» EXERCISE DESCRIPTION:
An exact copy of the entries is required, with every image omitted.

» INPUT MATERIAL:
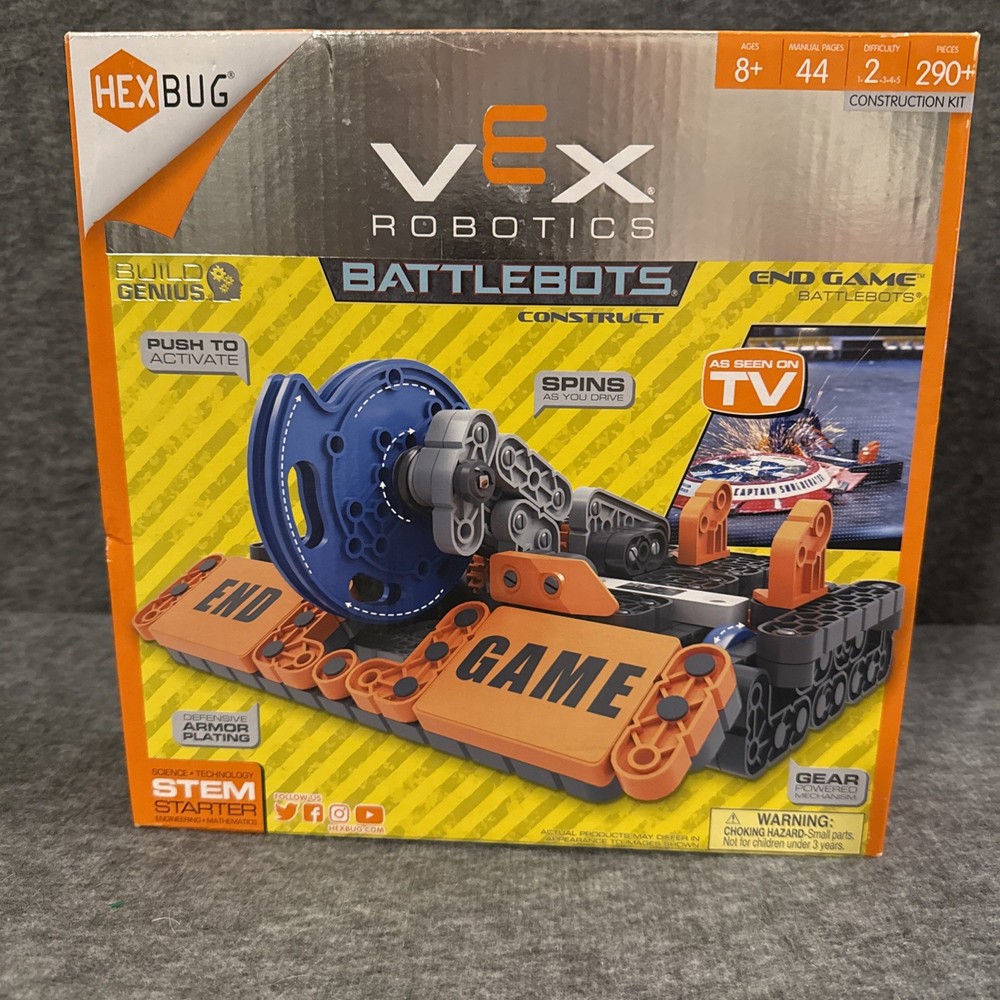 Hex Bug Vex Robotics End Game Battlebots Construct Set Sealed New In Box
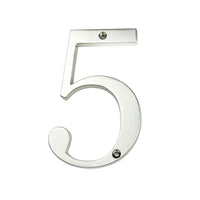 4 Inch (10 cm) House Number,Silver Zinc Alloy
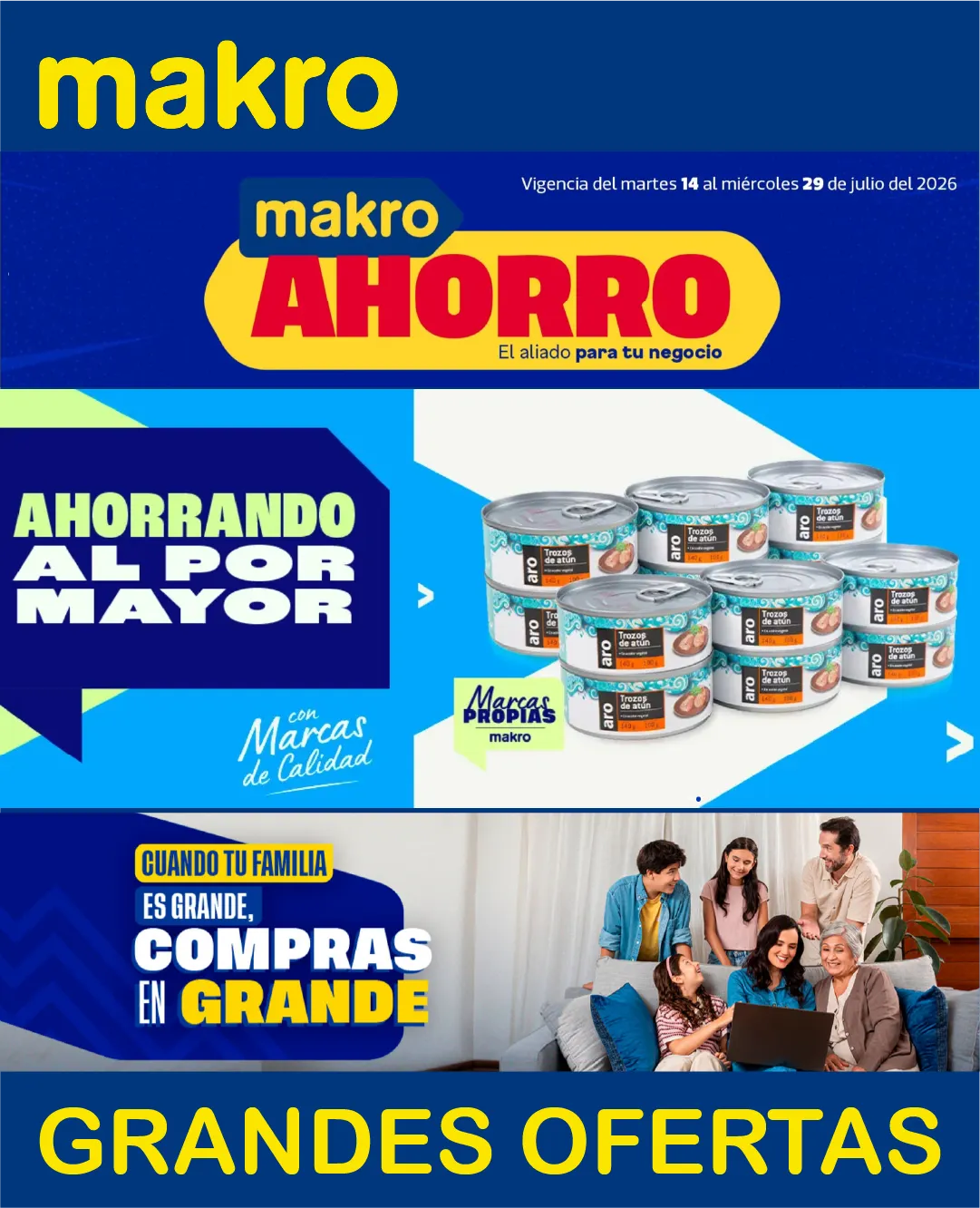 Catalogo de  Makro Ofertas 14 de julio al 28 de julio 2026 - Pag 1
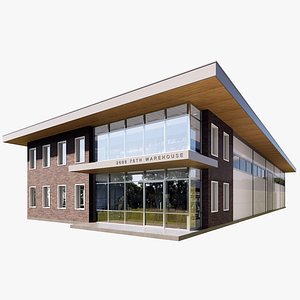 3D model warehouse and office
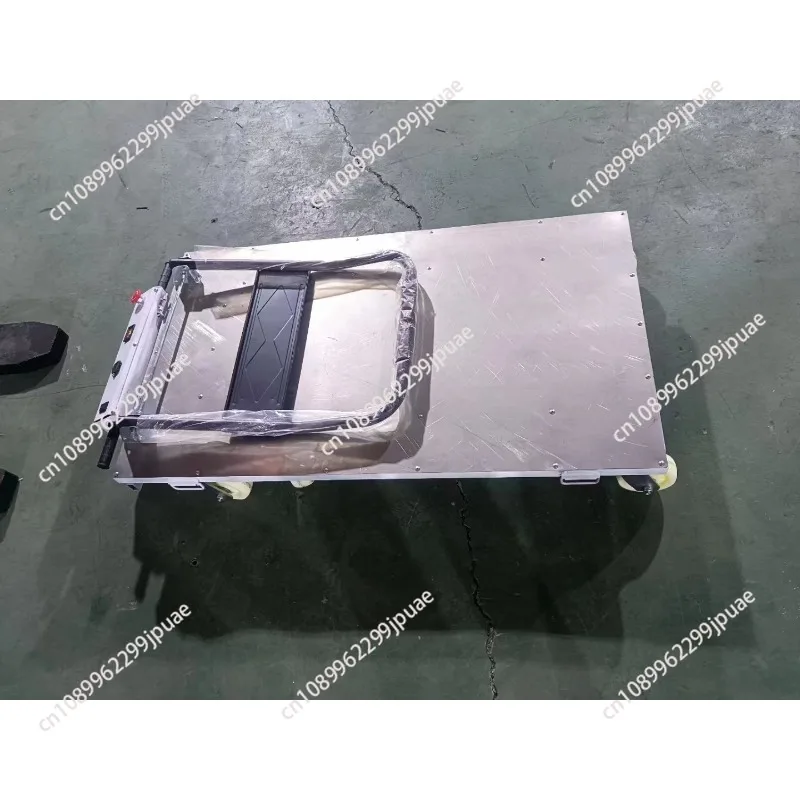 Portable Electric Hydraulic Lifting Loading and Unloading Cargo Scissor Slide Rail Mobile Hand Truck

» EXPECTED OUTPUT:
 Hex Bug Vex Robotics End Game Battlebots Construct Set Sealed New In Box
 4 Inch (10 cm) House Number,Silver Zinc Alloy
 Catalogo de  Makro Ofertas 14 de julio al 28 de julio 2026 - Pag 1
 3D model warehouse and office
 Portable Electric Hydraulic Lifting Loading and Unloading Cargo Scissor Slide Rail Mobile Hand Truck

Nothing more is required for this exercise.